§ About this task
Take each line of the records below that contains the string "FOCUS" and copy it.

§ Available records
──────

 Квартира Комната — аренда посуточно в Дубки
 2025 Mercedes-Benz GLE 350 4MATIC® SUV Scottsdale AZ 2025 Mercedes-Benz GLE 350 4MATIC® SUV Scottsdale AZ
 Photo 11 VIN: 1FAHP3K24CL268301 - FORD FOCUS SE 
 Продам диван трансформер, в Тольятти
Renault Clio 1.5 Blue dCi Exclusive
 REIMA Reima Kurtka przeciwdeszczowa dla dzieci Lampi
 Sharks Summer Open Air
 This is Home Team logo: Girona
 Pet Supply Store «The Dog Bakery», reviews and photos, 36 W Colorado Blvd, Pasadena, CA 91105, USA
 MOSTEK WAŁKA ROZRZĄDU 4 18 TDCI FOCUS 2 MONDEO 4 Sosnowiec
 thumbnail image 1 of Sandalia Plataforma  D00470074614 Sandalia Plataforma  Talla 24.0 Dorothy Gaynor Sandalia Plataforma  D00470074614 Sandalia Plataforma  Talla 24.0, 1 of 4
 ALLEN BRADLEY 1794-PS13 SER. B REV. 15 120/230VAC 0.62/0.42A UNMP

──────

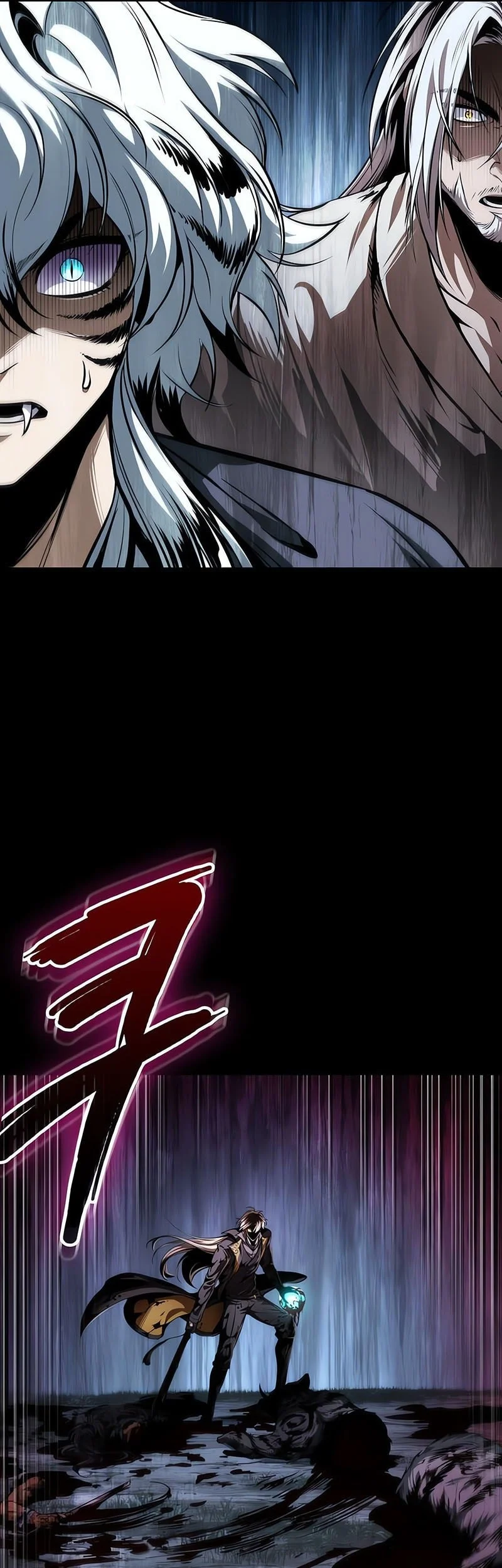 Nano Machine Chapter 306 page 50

──────

§ Solution to this task
 Photo 11 VIN: 1FAHP3K24CL268301 - FORD FOCUS SE 
 MOSTEK WAŁKA ROZRZĄDU 4 18 TDCI FOCUS 2 MONDEO 4 Sosnowiec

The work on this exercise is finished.